From: Andrea Arcangeli <aarcange@redhat.com>
To: Christoph Lameter <cl@linux-foundation.org>
Cc: linux-mm@kvack.org, Marcelo Tosatti <mtosatti@redhat.com>,
Adam Litke <agl@us.ibm.com>, Avi Kivity <avi@redhat.com>,
Izik Eidus <ieidus@redhat.com>,
Hugh Dickins <hugh.dickins@tiscali.co.uk>,
Nick Piggin <npiggin@suse.de>, Rik van Riel <riel@redhat.com>,
Mel Gorman <mel@csn.ul.ie>, Andi Kleen <andi@firstfloor.org>,
Dave Hansen <dave@linux.vnet.ibm.com>,
Benjamin Herrenschmidt <benh@kernel.crashing.org>,
Ingo Molnar <mingo@elte.hu>, Mike Travis <travis@sgi.com>,
KAMEZAWA Hiroyuki <kamezawa.hiroyu@jp.fujitsu.com>,
Chris Wright <chrisw@sous-sol.org>,
Andrew Morton <akpm@linux-foundation.org>
Subject: Re: [PATCH 00 of 30] Transparent Hugepage support #3
Date: Tue, 26 Jan 2010 17:11:20 +0100 [thread overview]
Message-ID: <20100126161120.GN30452@random.random> (raw)
In-Reply-To: <alpine.DEB.2.00.1001260939050.23549@router.home>
On Tue, Jan 26, 2010 at 09:47:51AM -0600, Christoph Lameter wrote:
> I have to disable swap to be able to make use of these huge pages?
No.
> Just because your configuration did not split does not mean that there
> is a guarantee of them not splitting. You need to guarantee that the VM
> does not split them in order to be able to safely refer to them from
> code (like I/O paths).
No. O_DIRECT already works on those pages without splitting them,
there is no need to split them, just run 512 gups like you would be
doing if those weren't hugepages.
If your I/O can be interrupted then just use mmu notifier, call
gup_fast, and be notified if anything runs that split the page.
Splitting the page doesn't mean relocating it, DMA won't be able to
notice. So if you use mmu notifier just 1 gup + put_page will be
enough exactly because with mmu notifier you won't need refcounting on
tail pages and head pages at all!
If you don't have longstanding mapping and a way to synchronously
interrupt the visibility of hugepages from your device, then likely
you work with small dma sizes like storage and networking does, and
gup each 4k will be fine.
> Earlier you stated that reclaim can remove 4k pieces of huge pages after a
> split. How does gup keep the huge pages stable while doing I/O? Does gup
> submit 512 pointers to 4k chunks or 1 pointer to a 2M chunk?

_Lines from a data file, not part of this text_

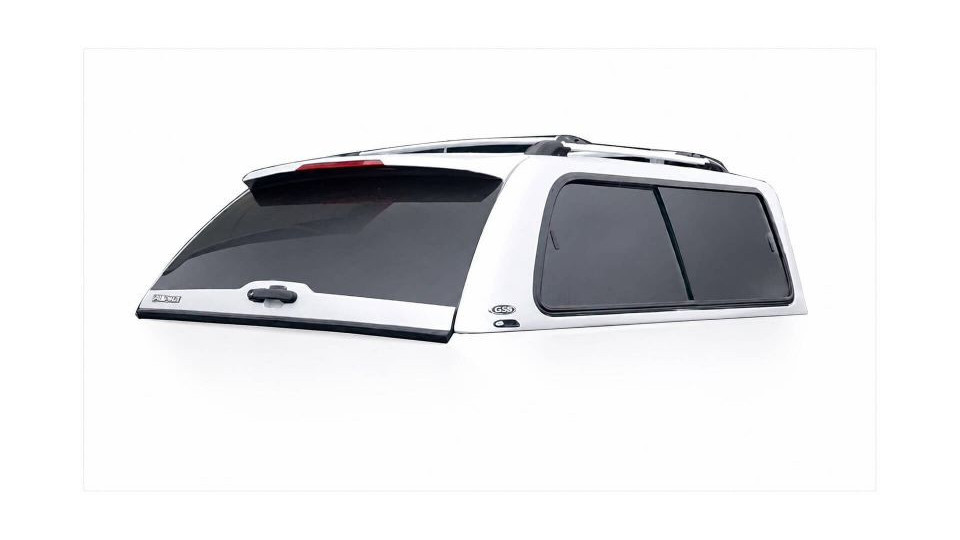 Keménytető / Felépítmény Isuzu D-Max 2012-2024 ALC GSS tanúsítvány RITKA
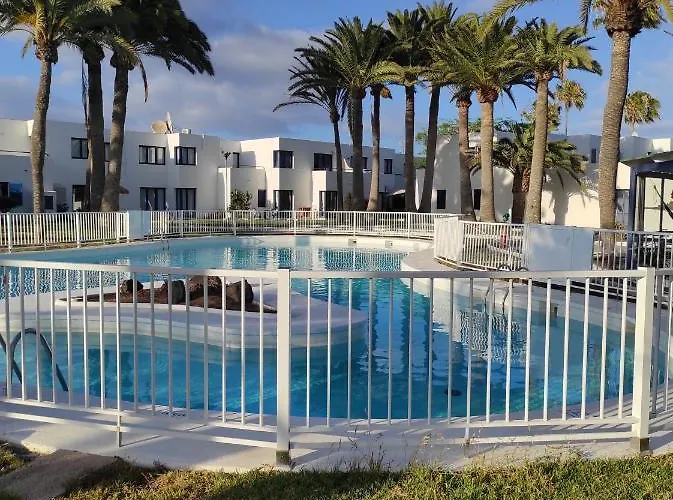 Playa Centro 8 בית הארחה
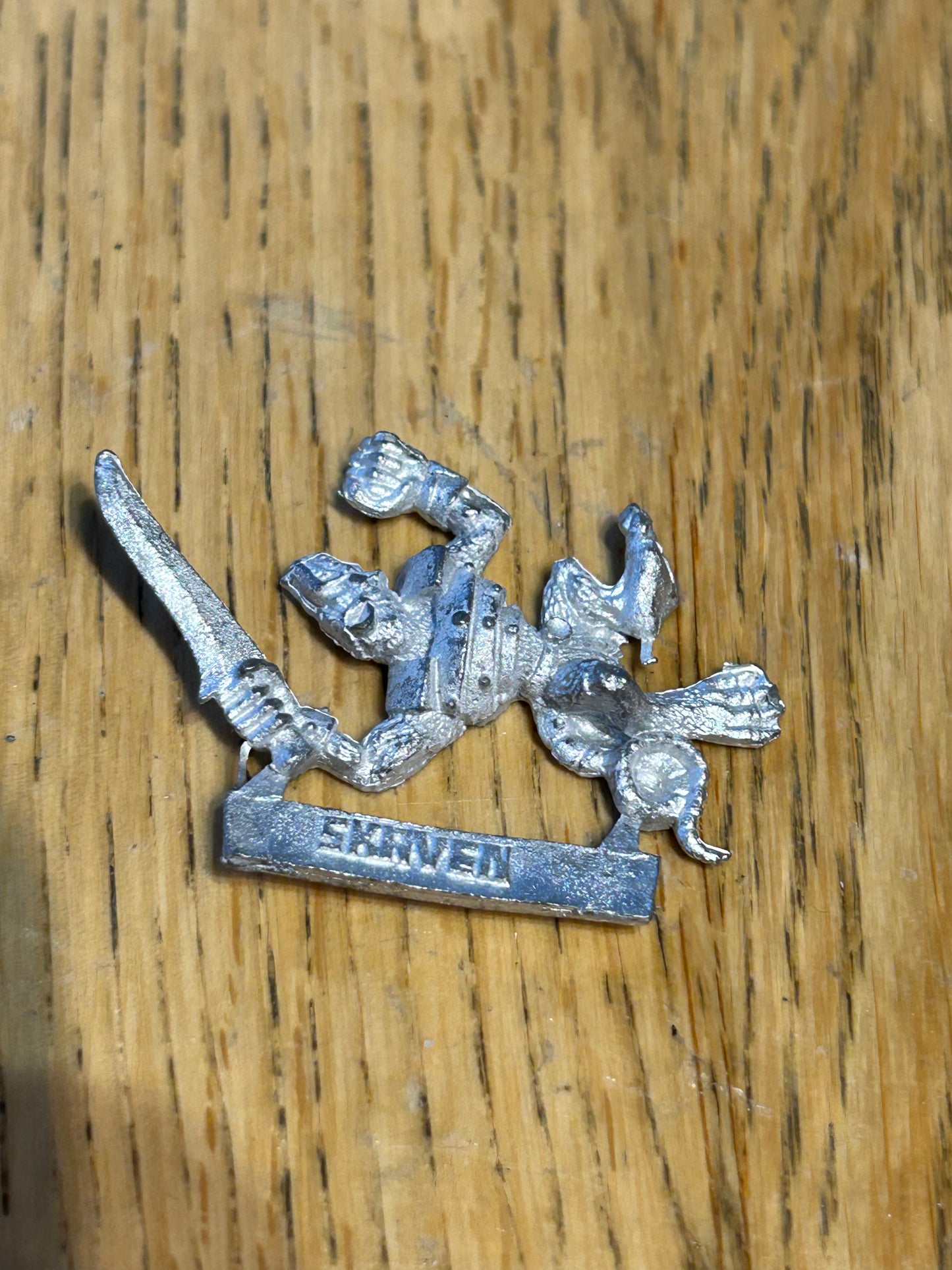 Warhammer fantasy mordheim skaven casualty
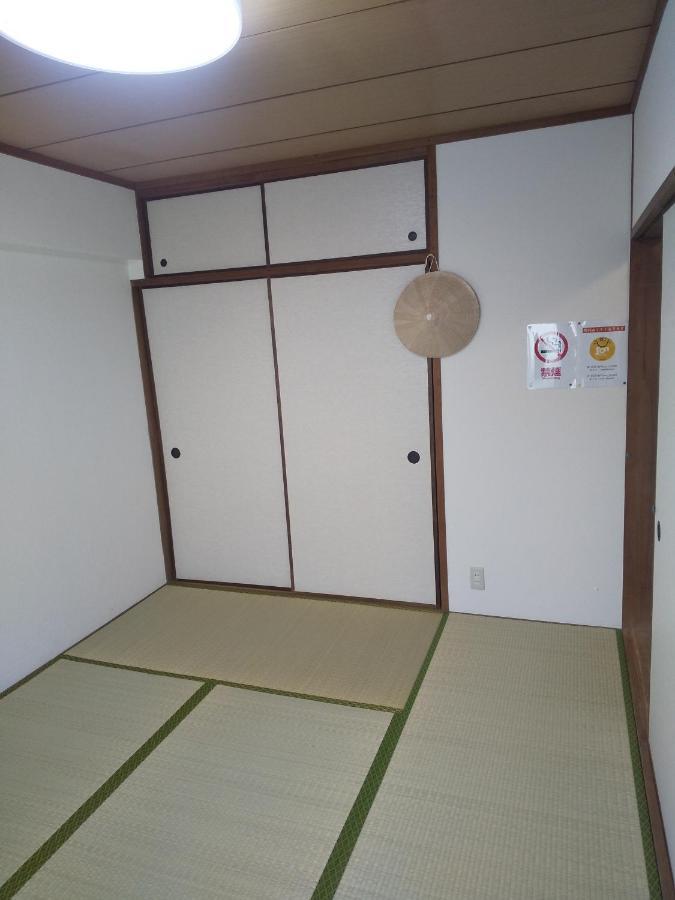 民宿茶々アンド桃 Kagoshima Bagian luar foto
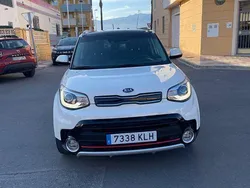 Weiß Gebraucht 2018 Kia Soul SUV | 16.500 € (Fairer Preis)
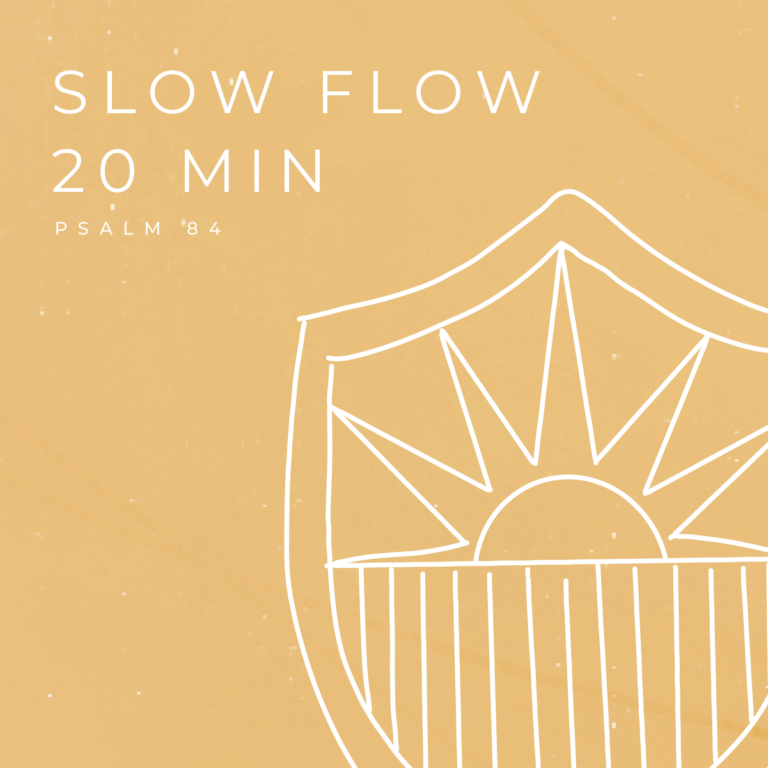 October 2022 Slow Flow 20 Min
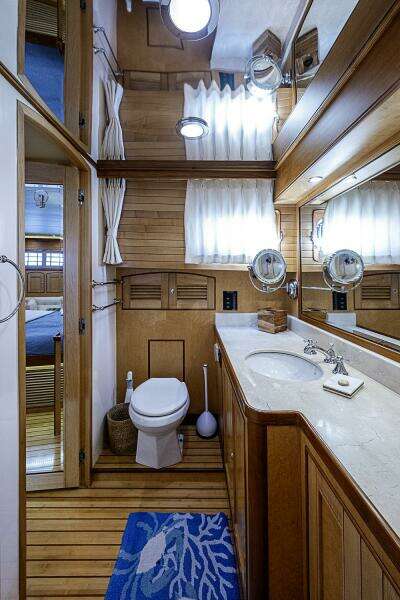 BEN S BARGE 66ft Marlow Yacht For Sale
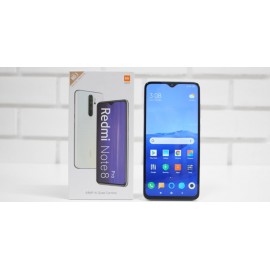 گوشی موبایل شیائومی مدل Redmi Note 8 Pro m1906g7G دو سیم‌ کارت ظرفیت 128 گیگابایت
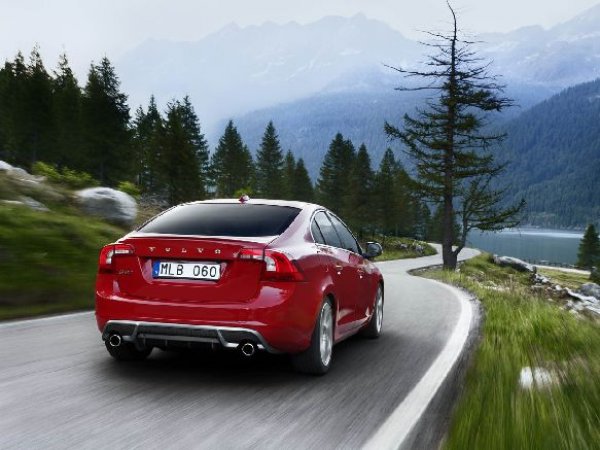 Volvo S60 R-Design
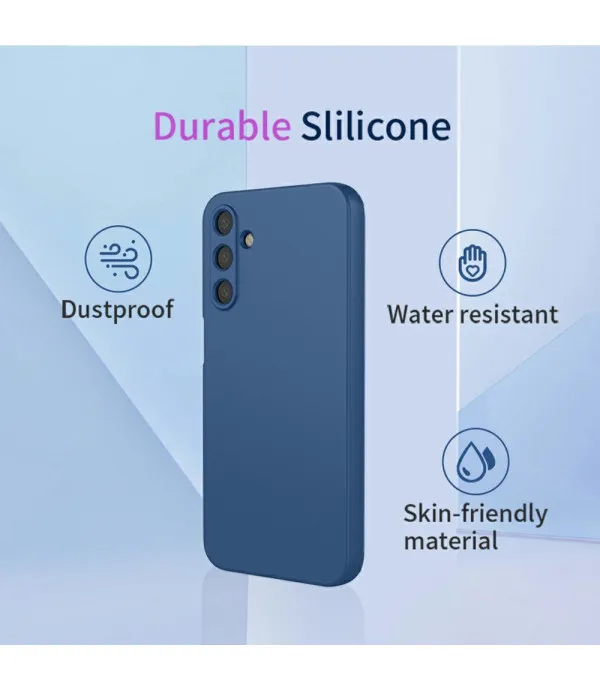 Mat TPU silikonska maska za Samsung Galaxy A17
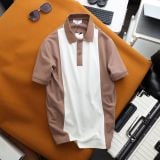  POLO CÁ SẤU PHỐI THÂN 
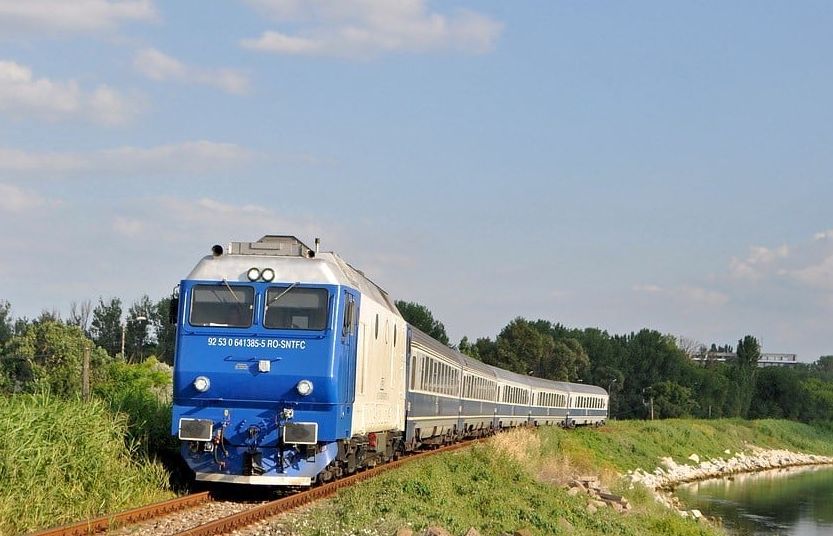 Două oferte pentru electrificarea şi reabilitarea căii ferate Constanţa - Mangalia - 1-1722940267.jpg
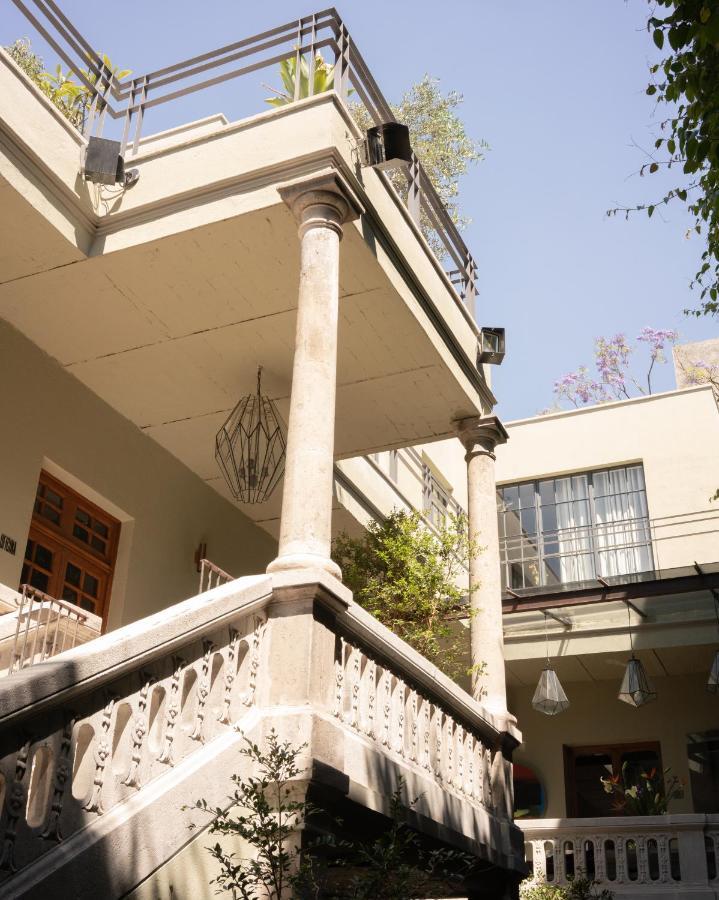 Hotel Casa Seis Siete Meksyk Zewnętrze zdjęcie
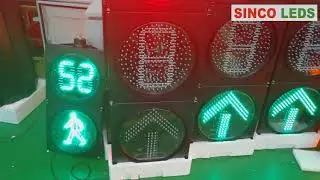 led traffic light manufacturers in india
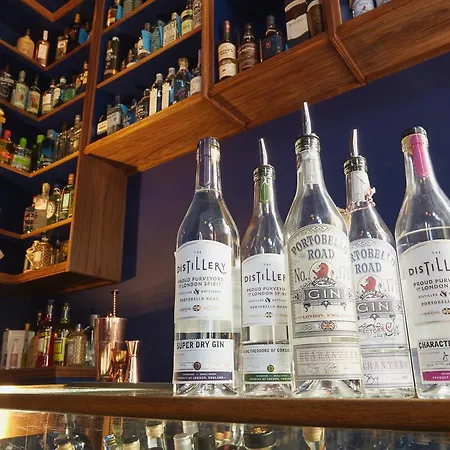 Hotel The Distillery 3*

gup works like now, you just write code that works today on a
fragmented hugepage, and it'll still work. So you need to run 512 gup_fast
to be sure all 4k fragments are stable. But if you can use mmu
notifier just one gup_fast(&head_page), put_page(head_page) will be
enough after you're registered.
I'm unsure exactly what you need to do that won't be feasible with mmu
notifier and 1 gup or 512 gup.
> This implementation seems to only address the TLB pressure issue
> but not the scaling issue that arises because we have to handle data in
> 4k chunks (512 4k pointers instead of one 2M pointer). Scaling is not
> addressed because complex fallback logic sabotages a basic benefit of
> huge pages.
Scaling is addressed for everything, including collapsing the hugepage
back after swapin if they're fragmented because of that. Furthermore
we want to remove split_huge_page from as many paths as possible but
Rome wasn't built in a day. We need to stabilize and stress this code
now, then we include it, and extend it to tmpfs and pagecache.
Note a malloc(3G)+memset(3G) takes >5sec with lockdep without
transparent hugepage, or <2sec after "echo always >enabled", TLB
pressure is irrelevant in that workload that spends all time
allocating pages and clearing them through kernel direct
mapping. Your idea that this is only taking care of TLB pressure is
totally wrong and I posted benchmarks already as proof (which become
extreme the moment you enable lockdep and all the little locks becomes
more costly, so avoiding 512 page faults and doing a single call to
alloc_pages(order=9) speedup the workload more than 100%).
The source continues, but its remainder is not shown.